▸ Work to complete
Could you return each line from the one bearing "Sea Fox Commander 228 Center Console" through the last line of the entries, exactly as it stands, with no pictures?
----------
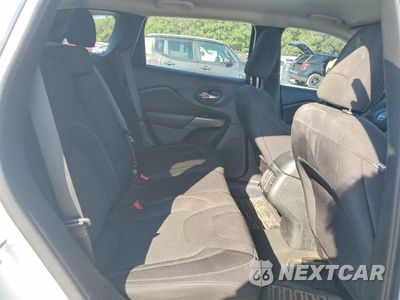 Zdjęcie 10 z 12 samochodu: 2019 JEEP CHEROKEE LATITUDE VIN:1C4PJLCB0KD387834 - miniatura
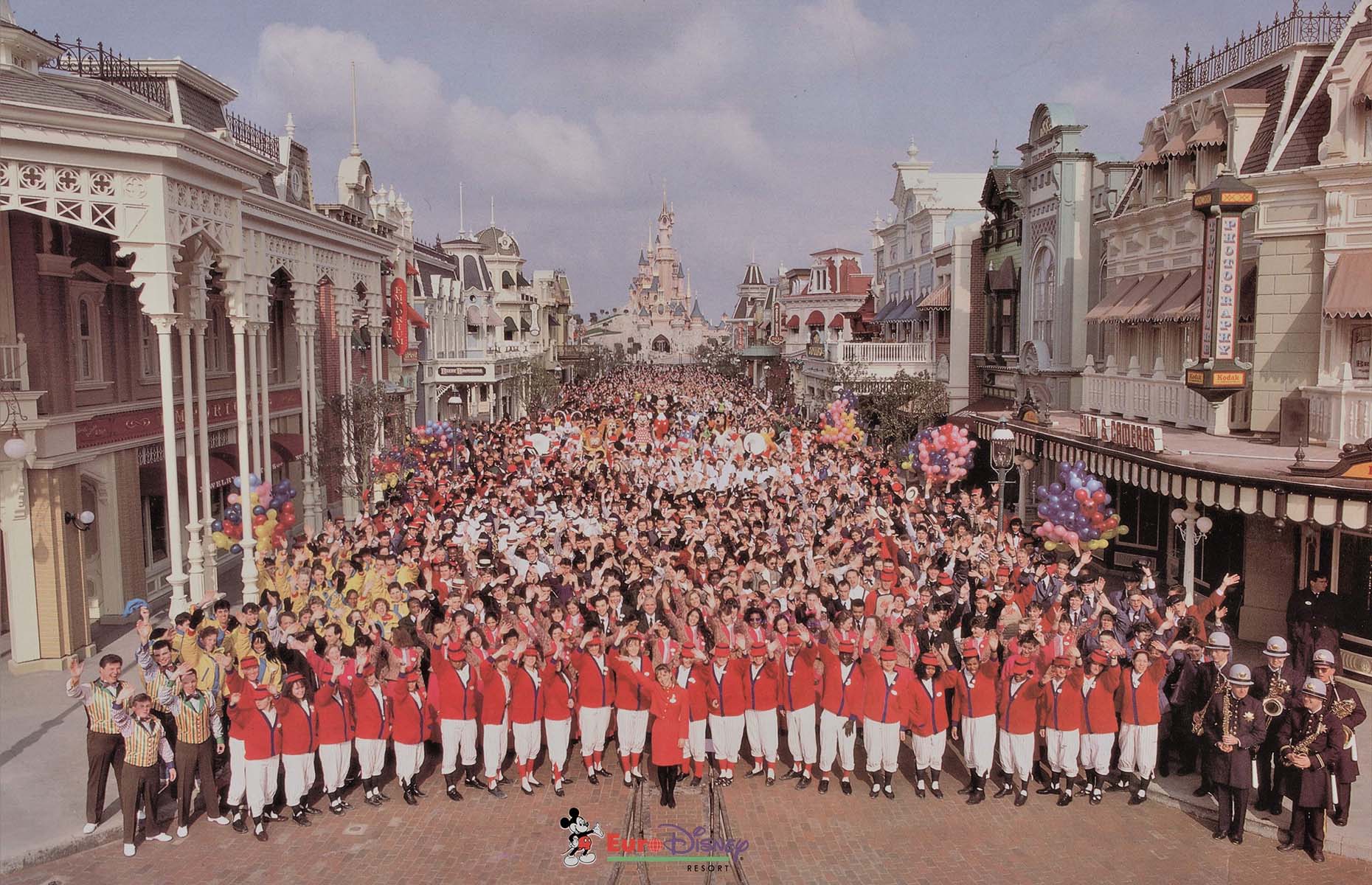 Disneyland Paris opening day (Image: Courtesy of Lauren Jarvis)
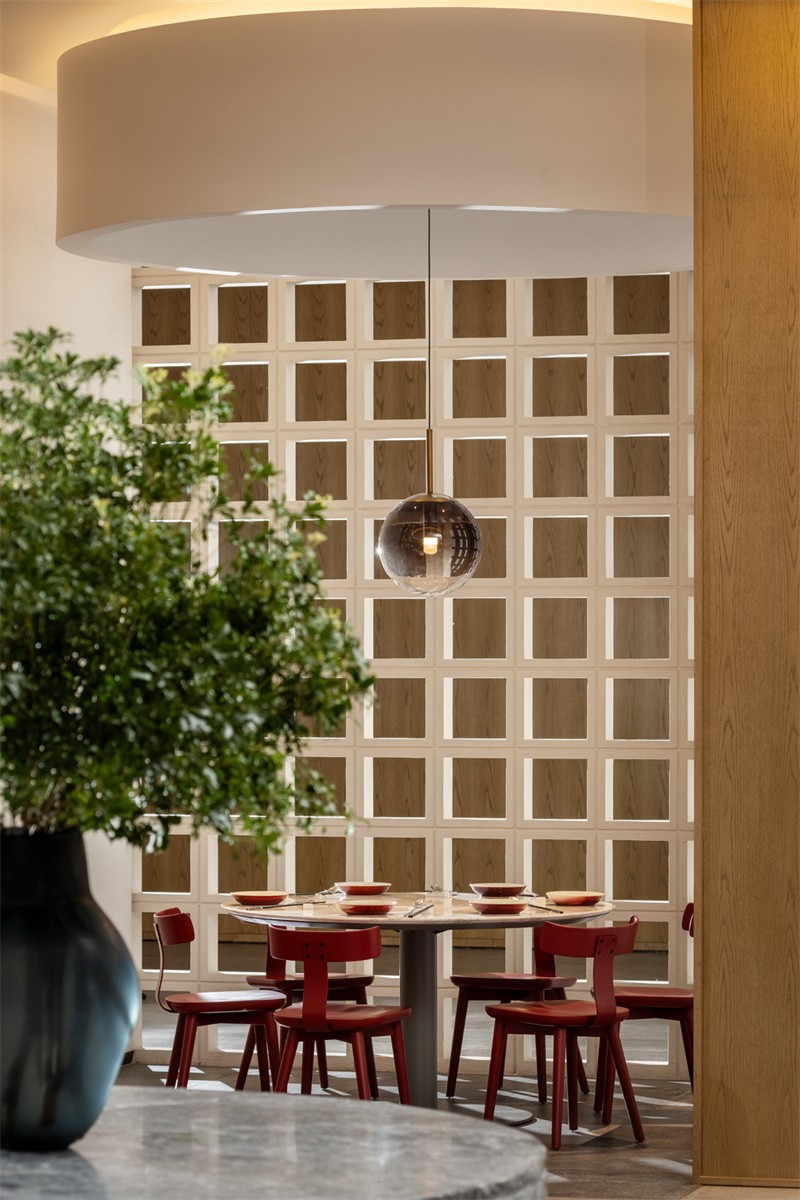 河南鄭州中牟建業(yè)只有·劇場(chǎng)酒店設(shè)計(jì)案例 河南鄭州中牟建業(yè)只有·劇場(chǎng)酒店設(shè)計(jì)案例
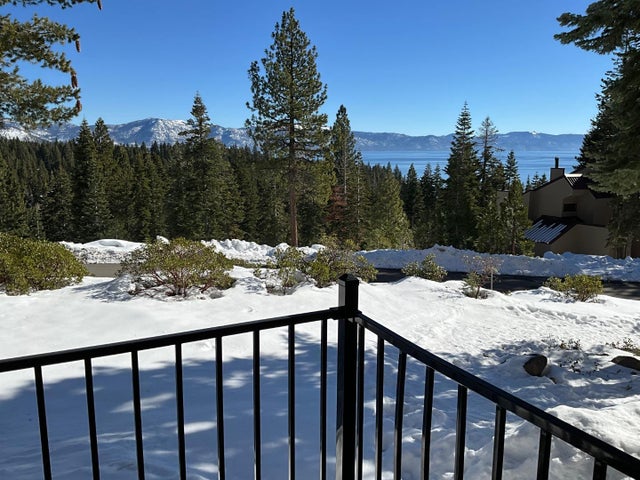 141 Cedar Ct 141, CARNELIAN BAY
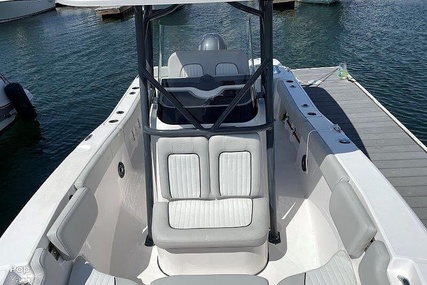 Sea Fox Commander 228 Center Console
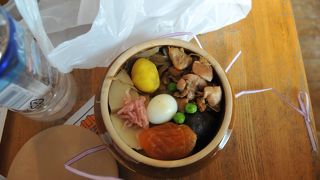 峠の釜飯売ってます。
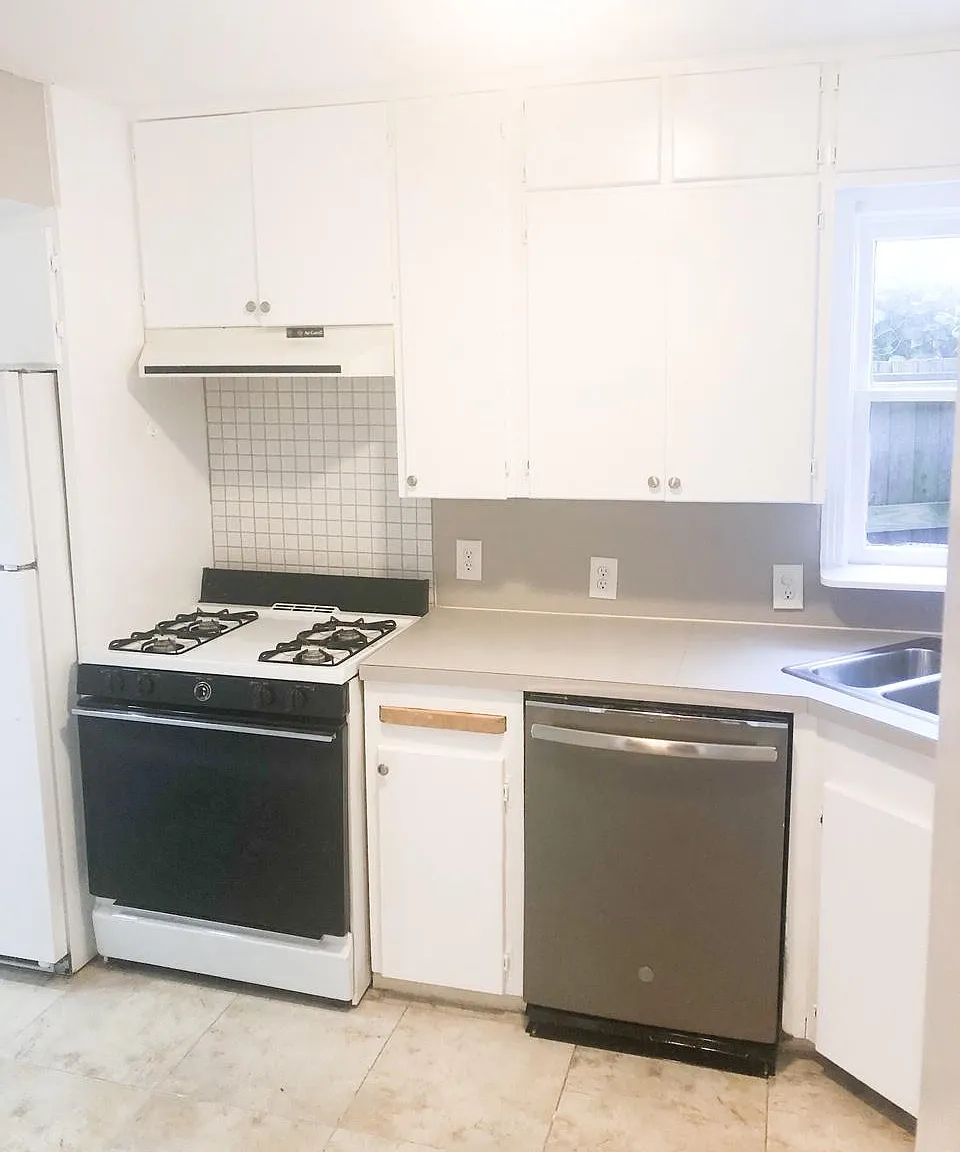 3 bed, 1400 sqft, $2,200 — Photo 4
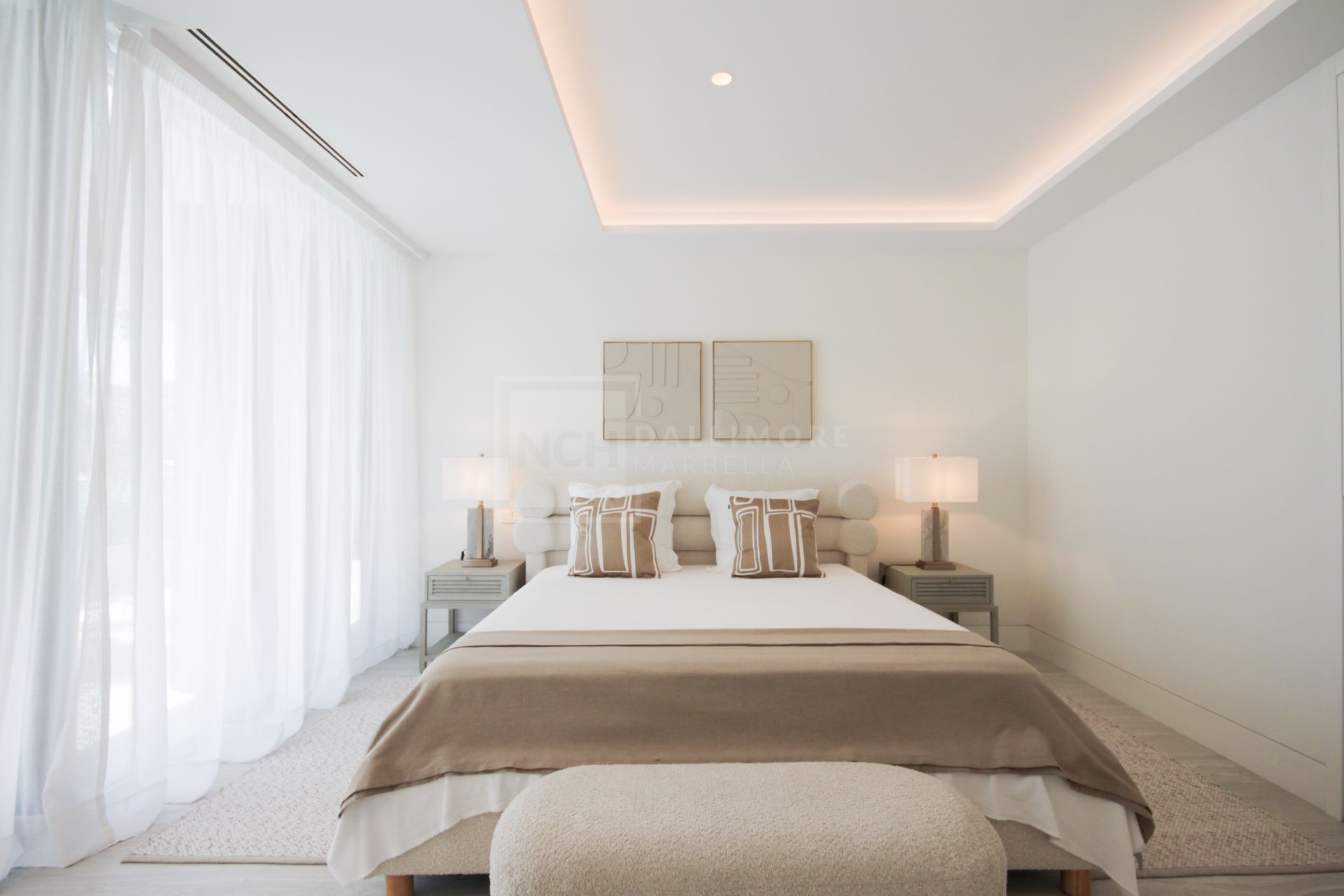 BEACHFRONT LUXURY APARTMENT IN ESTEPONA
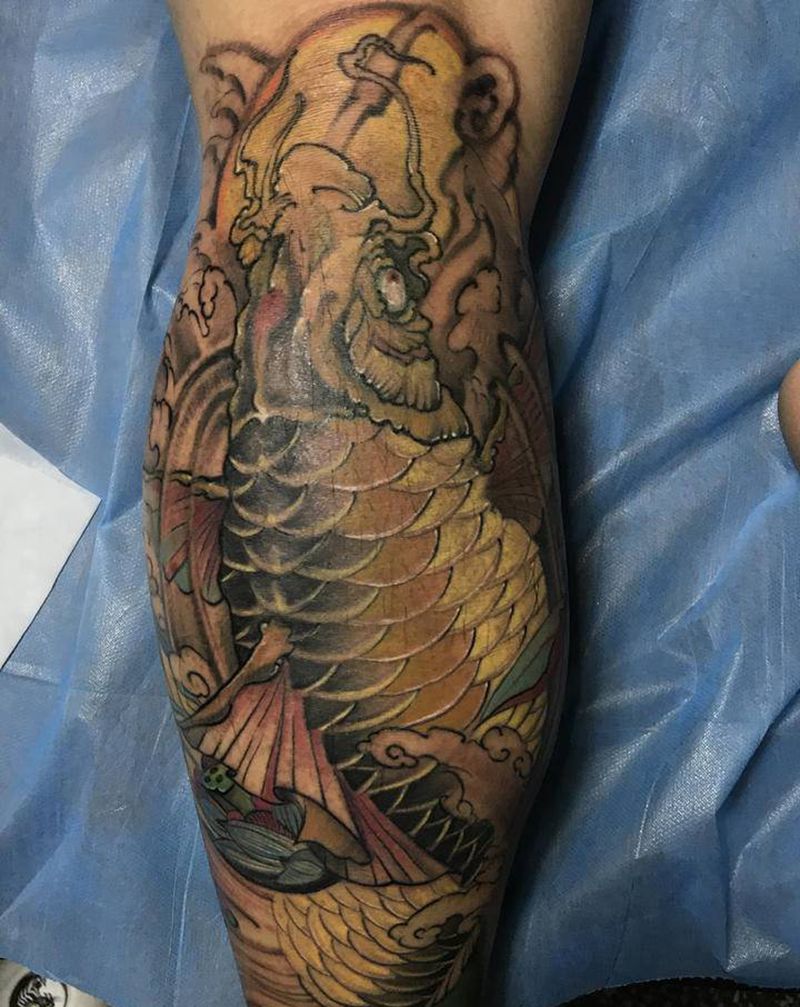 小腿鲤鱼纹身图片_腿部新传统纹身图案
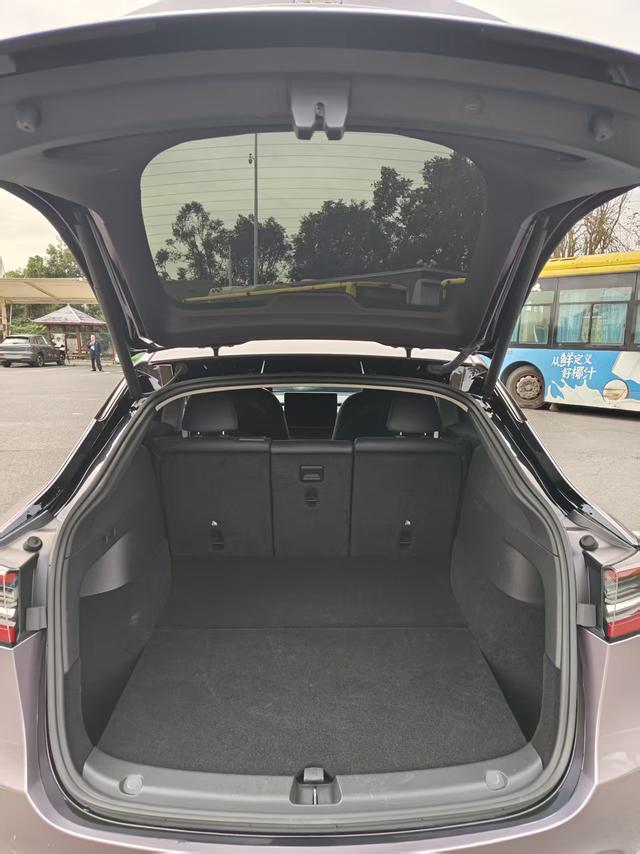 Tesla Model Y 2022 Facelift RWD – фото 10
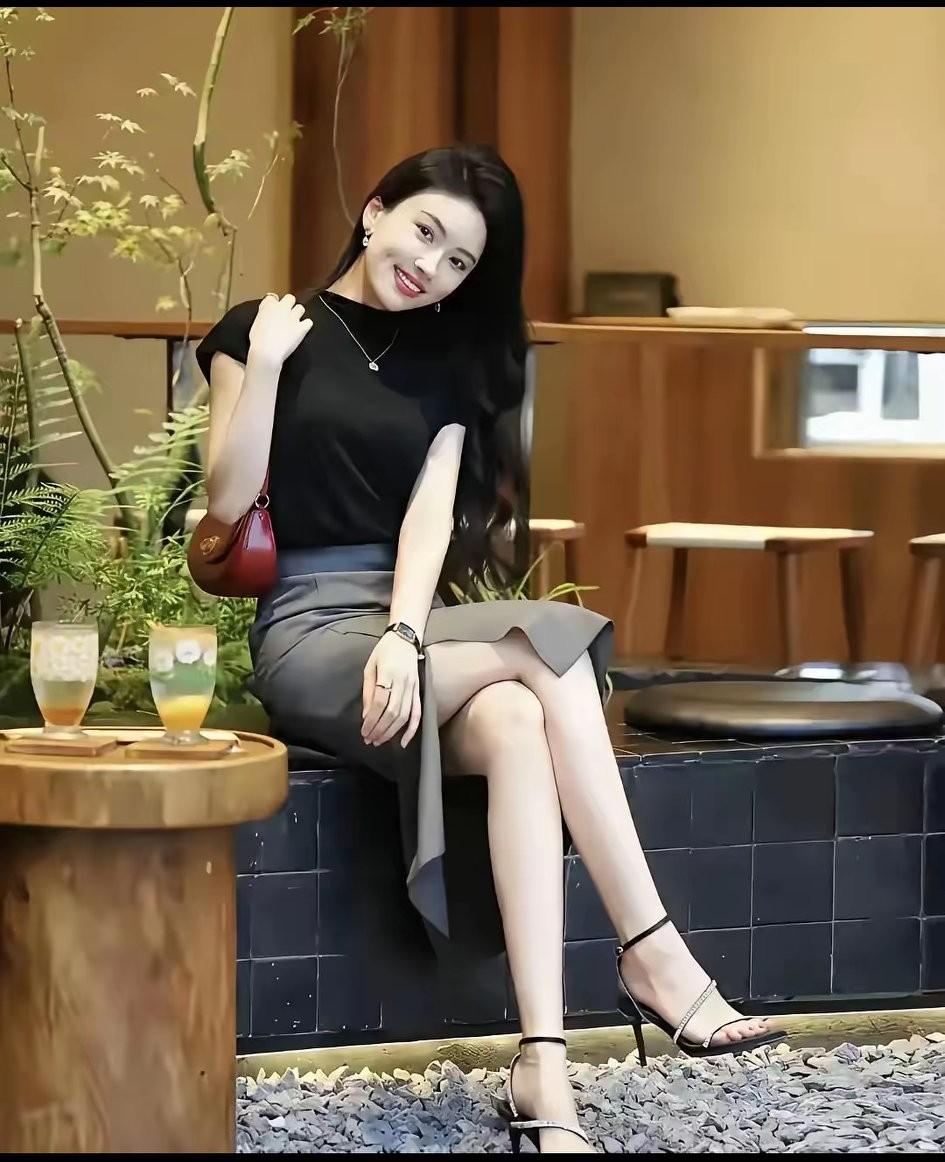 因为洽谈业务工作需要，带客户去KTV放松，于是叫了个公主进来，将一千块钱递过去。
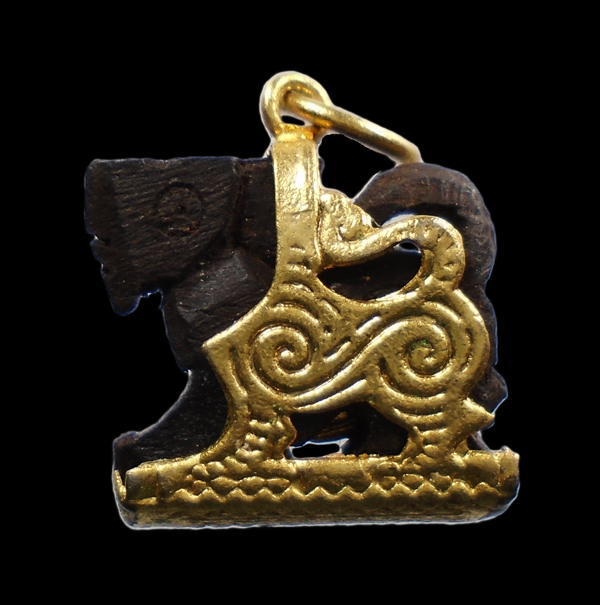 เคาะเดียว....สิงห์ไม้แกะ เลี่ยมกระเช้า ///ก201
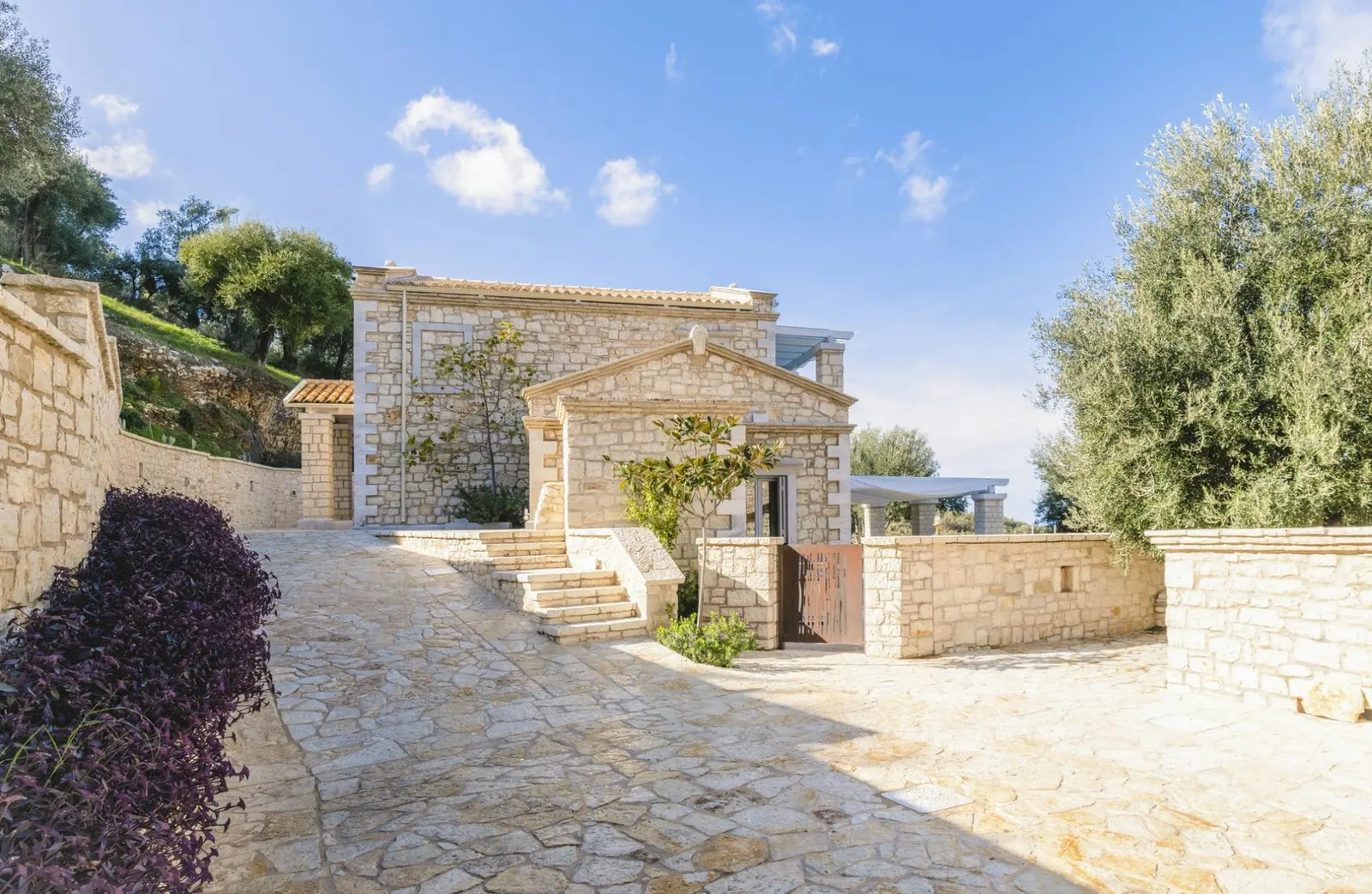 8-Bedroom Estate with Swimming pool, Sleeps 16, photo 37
----------
▸ Your response
 Sea Fox Commander 228 Center Console
 峠の釜飯売ってます。
 3 bed, 1400 sqft, $2,200 — Photo 4
 BEACHFRONT LUXURY APARTMENT IN ESTEPONA
 小腿鲤鱼纹身图片_腿部新传统纹身图案
 Tesla Model Y 2022 Facelift RWD – фото 10
 因为洽谈业务工作需要，带客户去KTV放松，于是叫了个公主进来，将一千块钱递过去。
 เคาะเดียว....สิงห์ไม้แกะ เลี่ยมกระเช้า ///ก201
 8-Bedroom Estate with Swimming pool, Sleeps 16, photo 37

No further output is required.